Finally, Brooks agreed to film the scene and test it on a preview audience. When the audience loved it, Brooks happily conceded, “Gene, you were absolutely right. Not only does it work, but it may be one of the best things in the whole movie … it took the movie to another level. We left satire and made it our own. It was new, different, crazy …”

A great reminder to those of us in advertising that, despite all our experience, despite our intentions, sometimes things resonate with the public that we don’t expect and certainly don’t plan for.

Sometimes the audience knows what works more than we do.

 Wendy’s classic “Fluffy Bun” spot is a great example. What? You don’t remember “Fluffy Bun”? 


That was the commercial with three elderly women clustered around a fast-food burger that was more bun and burger. “A big fluffy bun,” as one of the ladies described it – the phrase that ad creator Cliff Freeman of Dancer Fitzgerald Sample was certain would catch on with public.


Instead, it was the third lady’s exclamation – “Where’s the beef?” – that became a pop culture phenomenon. (The actual line in the script was “Where is all the beef?” but with her emphysema, she couldn’t get all the words out.)


“Where’s the beef?” was quoted at dinner tables, in schoolyards and offices, appeared on tee shirts and TV shows, and was even invoked in that year’s presidential debate. Wendy’s saw a 31% increase in annual revenue. And the woman uttering the now iconic phrase – octagenerian Clara Peller – enjoyed a few years of fame on talk shows, other commercials, even a novelty song.


"It goes to show you," Freeman later said. "You just never can tell what people will think is funny."

And you can never be sure what people will remember about your campaign, either. 

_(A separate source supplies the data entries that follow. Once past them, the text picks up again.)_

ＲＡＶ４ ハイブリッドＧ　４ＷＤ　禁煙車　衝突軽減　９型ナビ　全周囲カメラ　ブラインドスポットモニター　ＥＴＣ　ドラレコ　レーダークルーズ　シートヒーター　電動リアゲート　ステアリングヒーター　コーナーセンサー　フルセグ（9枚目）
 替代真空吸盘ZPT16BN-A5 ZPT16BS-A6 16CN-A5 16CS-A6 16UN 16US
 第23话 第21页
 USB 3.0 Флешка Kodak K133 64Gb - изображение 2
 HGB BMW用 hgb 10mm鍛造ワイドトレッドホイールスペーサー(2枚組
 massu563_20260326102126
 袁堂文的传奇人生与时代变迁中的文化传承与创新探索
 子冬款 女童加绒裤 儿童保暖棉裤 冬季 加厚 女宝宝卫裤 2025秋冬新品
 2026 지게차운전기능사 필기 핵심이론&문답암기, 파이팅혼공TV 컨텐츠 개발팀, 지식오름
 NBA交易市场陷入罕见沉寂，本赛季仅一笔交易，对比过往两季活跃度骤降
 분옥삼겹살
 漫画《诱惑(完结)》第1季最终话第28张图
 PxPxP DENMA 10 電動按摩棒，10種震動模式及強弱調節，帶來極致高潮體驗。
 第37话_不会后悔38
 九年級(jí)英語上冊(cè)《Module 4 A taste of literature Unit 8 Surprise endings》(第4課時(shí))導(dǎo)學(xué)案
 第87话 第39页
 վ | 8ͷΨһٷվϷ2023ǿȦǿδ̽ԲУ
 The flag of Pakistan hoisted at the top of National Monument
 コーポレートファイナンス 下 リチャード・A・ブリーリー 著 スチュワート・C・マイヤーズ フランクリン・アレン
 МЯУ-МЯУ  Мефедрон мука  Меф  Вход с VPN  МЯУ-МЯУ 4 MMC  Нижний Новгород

Take the Milk Mustache campaign from the National Fluid Milk Processor Promotion Board. You know this one. Started in 1994. Nutritional facts about milk, delivered by celebrities in milk mustaches, culminating in that memorable themeline … “Milk. What a surprise.”


That’s not the one you remember? Must the one they switched to in the campaign’s second year, when it was clear that the lactose-mustachioed celebrities were the big draw: “Milk. Where’s ­your mustache?”


Still not it? Despite the success of the campaign in reversing decades of declining milk sales, few people seemed to connect with either of those slogans. Instead, as related in The Milk Mustache Book: A behind-the-scenes look at America’s favorite advertising campaign, the public kept combining the milk-mustache visuals with the themeline of another campaign that was concurrently being run by the California Milk Processors Board.


Eventually, the ad agency gave up trying to fight it. “The public always lumped our campaigns together, explained Jay Schulberg in The Milk Mustache Book: A behind-the-scenes look at America’s favorite advertising campaign. “So why not put the two together in one ad? So that’s what we did.”


And in 1998, the milk mustache campaign sported the themeline that it’s still known by today: “Got Milk?”

In Got Milk: The Book, Jeff Manning of the CMPB boiled it down even simpler: “The reality is that customers don’t give a twit about who sponsors what … they either like the ads, find them memorable and compelling, or they don’t.”

And sometimes, it’s the client that doesn’t like the ad and needs convincing. 

In the late 1990s, the auto insurer Geico had a market share in the single digits, and was in need of a stronger brand image in consumers’ minds. Early spots used humorous vignettes to draw attention to their message that “15 minutes could save you 15% or more on car insurance.” – but the Geico name apparently wasn’t breaking through.


In fact, people were often mispronouncing (or misremembering) Geico as “Gecko.”


But their ad firm, the Martin Agency, saw an opportunity in that mispronunciation, and created a commercial that featured a British-accented gecko lizard clinging to a microphone at a press conference, pleading that, “I am a gecko, not to be confused with Geico … so stop calling me!”


Simple. Effective. Memorable. But not everyone was convinced – most significantly, Geico’s Vice President for Marketing, Ted Ward.

“I thought nothing of the idea,” he recalled in a 2016 podcast. “It was a 15-second commercial and probably would have died a cruel and hideous death, except SAG [the Screen Actors Guild] went out on strike, and we couldn’t use real people for a while, and someone said, ‘Well, let’s use that gecko …’”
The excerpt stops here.